Foundation Models, LLMs, and Broader Impacts
With the proliferation of foundation models and diffusion models, KD has become essential for model democratization and edge deployment. The authors catalogue the application and adaptation of KD to multi-modal fusion, prompt- and instruction-tuning, CoT transfer, and hierarchical teacher-student pipelines for both vision and language domains. Figures 9 and 10 provide illustrative overviews of the increasing diversity of foundation models and the salient points for knowledge extraction and transfer.
Figure 7: Categorization of foundation models based on their type, and the tasks for which their knowledge is distilled.
Figure 8: Architectural overview of prominent foundation models, indicating key points for data extraction and distillation to downstream tasks.

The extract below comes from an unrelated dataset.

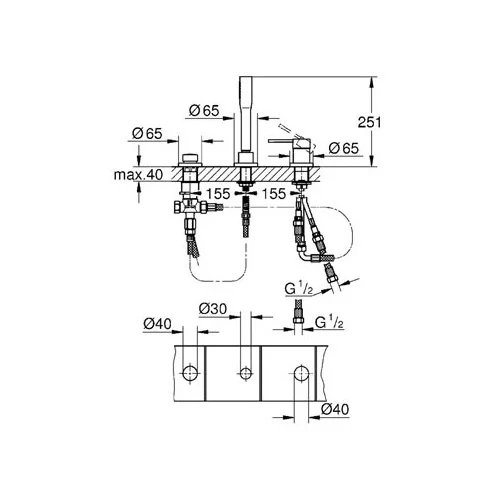 GROHE 3 dalių vonios maišytuvas Essence New image 2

In LLMs, the review highlights the efficacy of distillation for attaining interpretability, cost/energy savings, and improved generalization in smaller models. The survey identifies two-phase strategies combining black-box (API) and white-box (open-source) KD to transfer closed model capabilities to open community models. This modular approach is likely to grow in significance as composite multi-modal models and retrieval-augmented generation continue to expand.
Conclusion
This comprehensive survey synthesizes and organizes the modern KD literature, offering a functional, multidimensional taxonomy. It emphasizes the role of feature and similarity-based KD for advanced tasks, the necessity for task- and resource-aware scheme and algorithm selection, and the necessity to adapt KD approaches for modern foundation models, 3D perception, and LLM deployment. The discussion section articulates open challenges, including privacy/security, fairness, teacher bias, architectural gap, and the evolving role of adaptive and contrastive techniques. Future directions will likely integrate KD more deeply with multi-stage model compression pipelines, personalized/continual learning, privacy-preserving training, and multi-modal learning, as well as methods for efficient knowledge transfer in the context of rapid model innovation and scaling.